第138話 召集

広間へと移動したケミルトは、何を勘違いしているか分からないが鼻歌を歌いながらケイトへ失礼な態度で立ちながらリオ殿にウィンクをするバーバントに冷や汗が止まらない。


ケイトはケミルトの対処を見て判断するという言葉通りに、腕を組んで目を瞑り、ハーバントの行動を無視して用意した椅子に座っている。

リオ殿はその横に座ってずっとアピールをするハーバントに苦笑いすらもやめて、無視するようにそっぽを向いているが、この反応にアピールし続けられるハーバントの神経が分からないと共に、胃が握りつぶされそうなほどに痛い。


有無を言わさずにハーバントを不敬罪で処罰してハーラック公爵家を取り潰しにしたいところだが、ハーバントに協力している家を確認し、対処しなければいけないので、すぐに来れる範囲の貴族を全て集めている。
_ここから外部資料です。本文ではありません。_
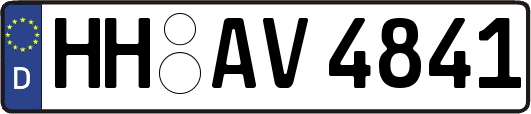 HH-AV4841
急ぎの勅令とはいえ、貴族達が全員集まるまでは時間がかかる。


早く集まれと胃を押さえながら、ケミルトは貴族達が集まるのを待った。



広間に集まってくる貴族達の反応は分かれた。


広間の様子を見てただならぬ雰囲気に背筋を正す者。

ハーバントの様子を見て口角を上げる者。

そして、広間に用意された椅子の意味を理解して顔を青くする者。


「さて、城や街にいた貴族は全員集まったようだ。皆を集めたのは他でもない、ハーバント・ハーラック公爵子息から提案を受けたからだ。ハーバント、もう一度話してくれるだろうか?」


ケミルトの言葉を聞いて、ハーバントは自信満々に「は!」と返事をして語り始めた。


「皆よ、私はそこに居る勇者リオの心を射止め、夫婦となり、アクアリア王国に新たな勇者の血を受け継ぐ子を作りましょう。その為に、現王太子リュクスを王太子から下ろし、私ハーバントを次期王太子いや、ケミルト王に引退頂いて私が国王となり、産まれてくる勇者の血を継いだ子を王太子にする事を提案した。私の案には賛同する貴族も大勢いる。署名も集め、貴族の総意だという事を国王にお伝えした」


ハーバントの言葉を聞いた貴族達に緊張が走った。


「それでは、署名した貴族の読み上げを命ずる。呼ばれた者は前にでよ」


ケミルトの指示通りに、ハーバントは意気揚々と自分の味方をする貴族の名前を読み上げていった。


名前を呼ばれた貴族は10名程度。


城下町に暮らす法衣貴族だけでも100は居るアクアリア貴族の、総意だと言うには明らかに少ない10分の1という人数であった。


その中にはハーバントの父のオーガストの名前も勿論あり、前に出て来たのだが、オーガストの顔は引き攣っていた。


呼び出され内の3人ほどは誇らしげに胸を張っているが、他は顔を青くしたり、オーガストと同じように顔を引き攣らせている。


先程のハーバントが言った計画は立てたものの、こんなにも早く実行に移す予定ではなかった。


ハーバントが上手くやって勇者リオの気持ちを奪い、オーガスト同伴でリオから言葉を引き出した後に、その事実を元に今後ろにいる他の貴族を抱き込み、真の意味で貴族の総意としてケミルト王に王位交代を進言するつもりであった。


その過程でハーバントがしくじれば、他の方法、作戦を考えるつもりであった。


それに、あんな署名をした覚えもない。


あの署名は、ハーバントが自分の発言に後押しがあると思わせる為、取り巻きの胸を張っている数名の貴族と、この話を考えた時に集まっていた貴族を思い出して書き出した自作の署名書であった。


1番地位の高いオーガストが署名の否定をしようと口を開きかけた時、先程までと違い力強く出すの聞いた声でケミルトが話し始めた。


「貴様ら、この国を滅ぼすつもりか?」


オーガストはケミルトのこれまでに聞いたことのない程に冷たいこれに、喉が痙攣して発しようとした言葉はでてこなかった。


質問の答えを聞かぬまま、ケミルトの言葉は続くのであった。